• Input data
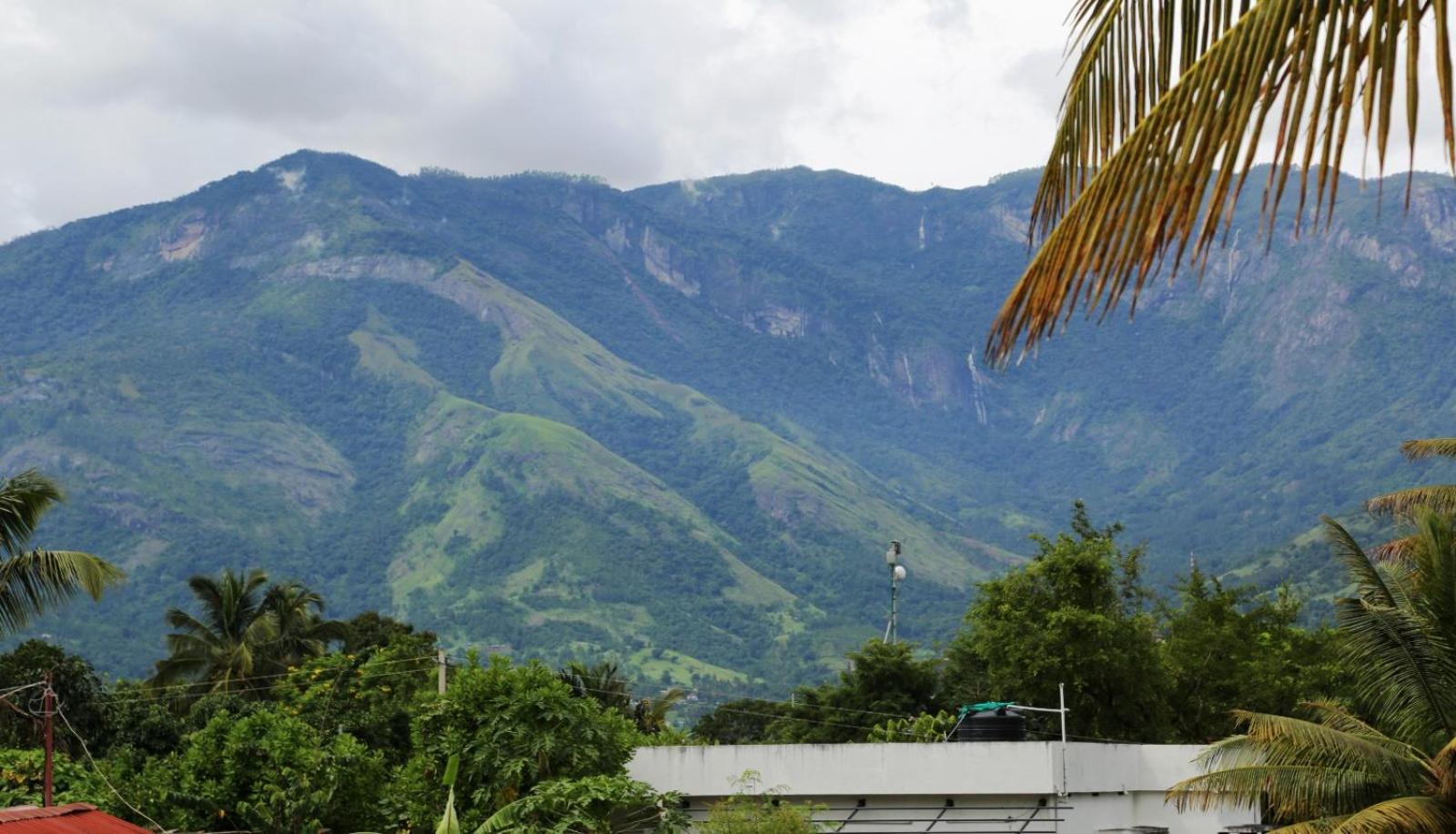 Le Sancta Homestay Maraiyūr Buitenkant foto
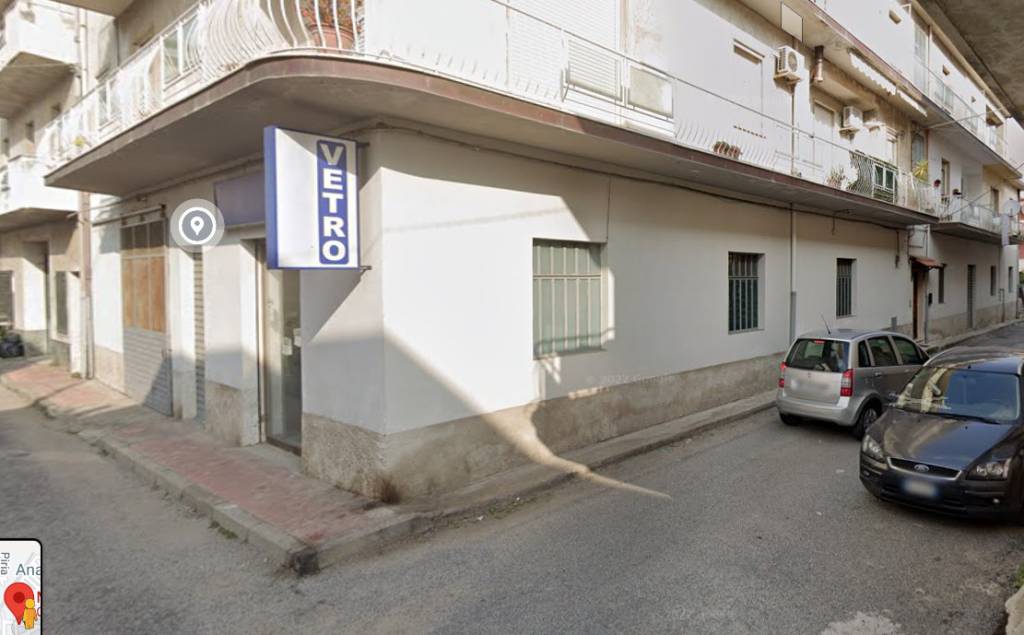 Garage in vendita a Gioia Tauro via Monacelli, 21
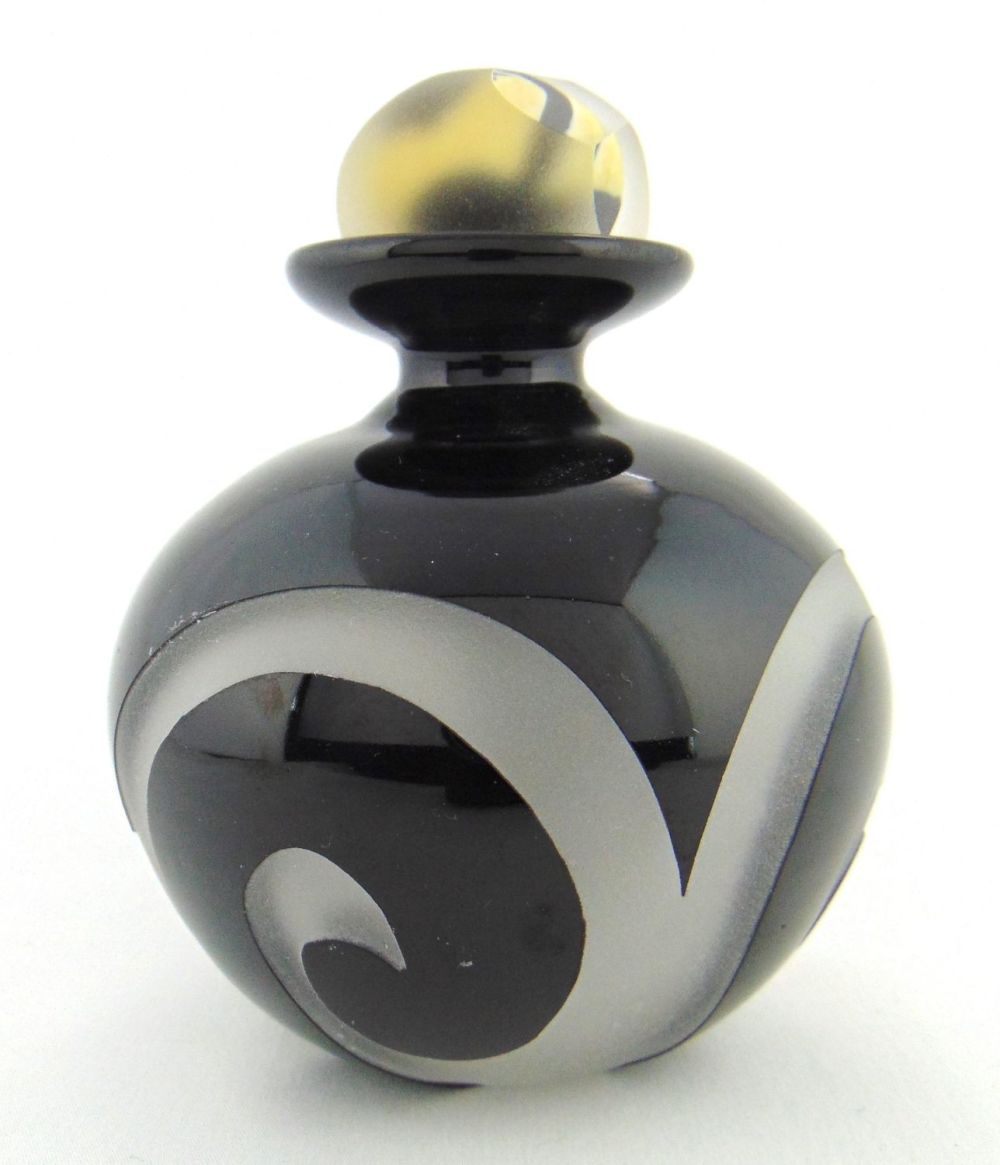 Lot 285: Steve Correia art glass perfume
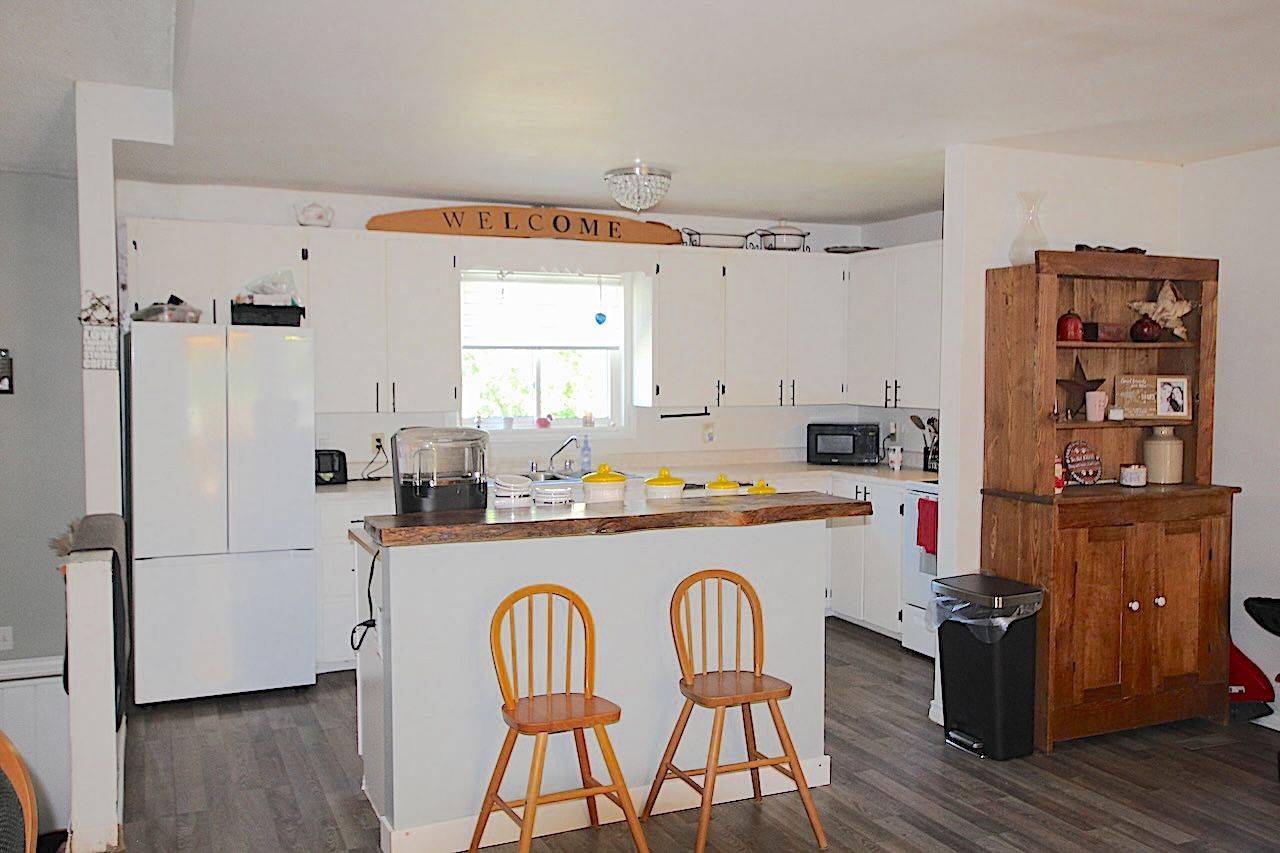 Madoc, ON K0K 2K0,80 Rollins ST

• Task to carry out
Give back, exactly and with nothing added, the lines from the line with "Garage in vendita" through the final line of the data, both included; leave pictures out.

• Solution to this task
 Garage in vendita a Gioia Tauro via Monacelli, 21
 Lot 285: Steve Correia art glass perfume
 Madoc, ON K0K 2K0,80 Rollins ST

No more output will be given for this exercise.